(WHAT TO PRODUCE) A word-for-word copy of the listing is what's needed; leave out every image.

[Start of Attachment]

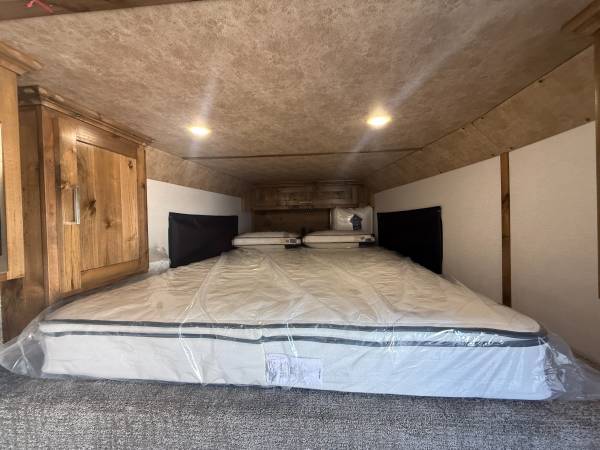 2027 TRAILS, dovoz USA — foto 12 z 12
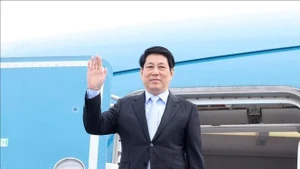 State President Luong Cuong leaves Ha Noi for APEC Economic Leaders’ Week in the RoK on October 29 morning. (Photo: VNA)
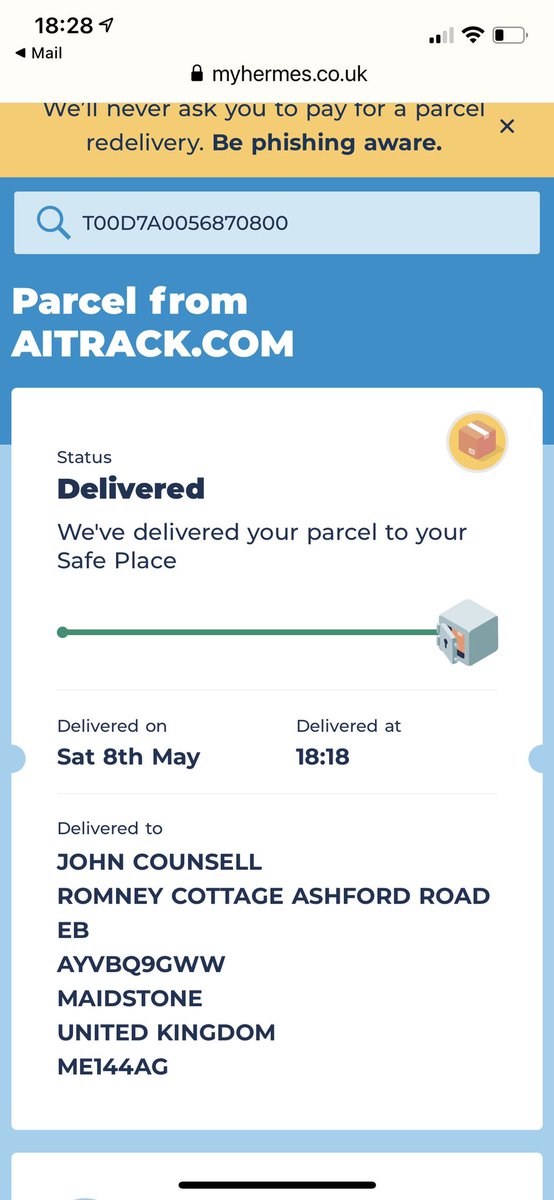 acerclarus's tweet photo. @Hermesparcels officially the worst delivery service in the Uk. Hope some one chucks your parcel over a gate and treats your purchases with such disrespect. Why other lying and just not say we’ve dumped your parcel hope it doesn’t rain https://t.co/psoDxkLBWB
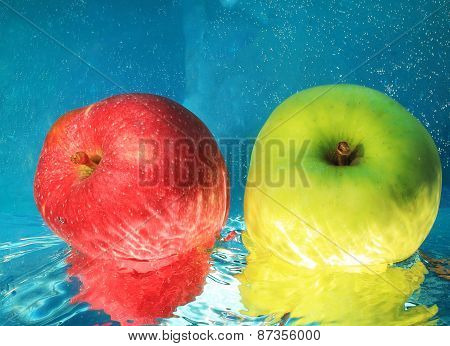 apple in water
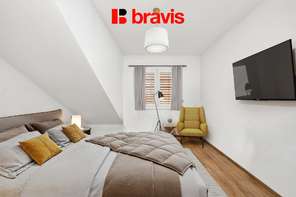 Prodej luxusního, nízkoenergetického rodinného domu 6+kk a 3+kk, ulice Wolkerova v srdci Mikulova s výjimečným výhledem, 2x dvojgaráž, nadstandardní vybavení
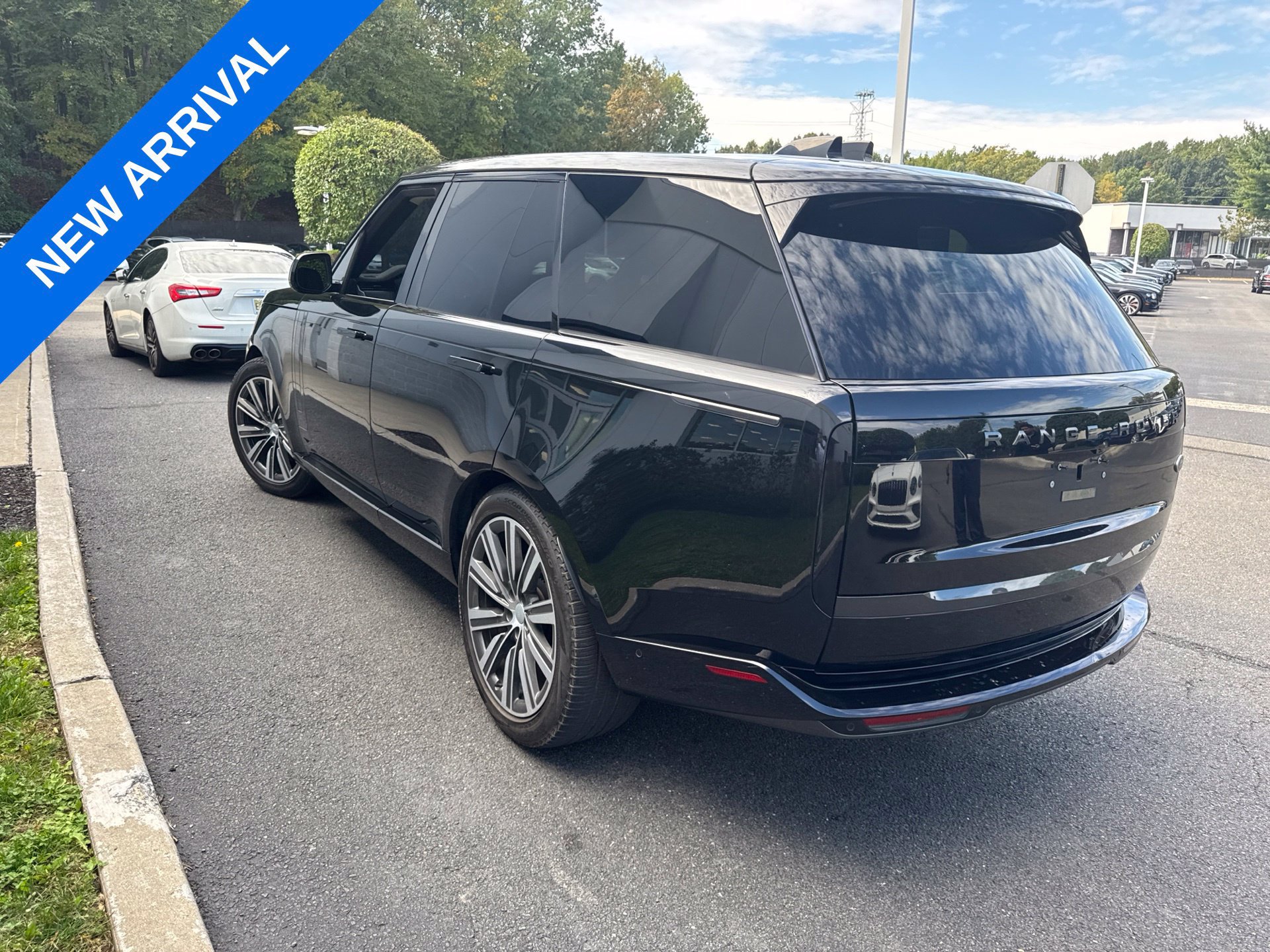 Used 2023 Land Rover Range Rover SE AWD/4WD image 4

[End of Attachment]

(EXPECTED ANSWER)
 2027 TRAILS, dovoz USA — foto 12 z 12
 State President Luong Cuong leaves Ha Noi for APEC Economic Leaders’ Week in the RoK on October 29 morning. (Photo: VNA)
 acerclarus's tweet photo. @Hermesparcels officially the worst delivery service in the Uk. Hope some one chucks your parcel over a gate and treats your purchases with such disrespect. Why other lying and just not say we’ve dumped your parcel hope it doesn’t rain https://t.co/psoDxkLBWB
 apple in water
 Prodej luxusního, nízkoenergetického rodinného domu 6+kk a 3+kk, ulice Wolkerova v srdci Mikulova s výjimečným výhledem, 2x dvojgaráž, nadstandardní vybavení
 Used 2023 Land Rover Range Rover SE AWD/4WD image 4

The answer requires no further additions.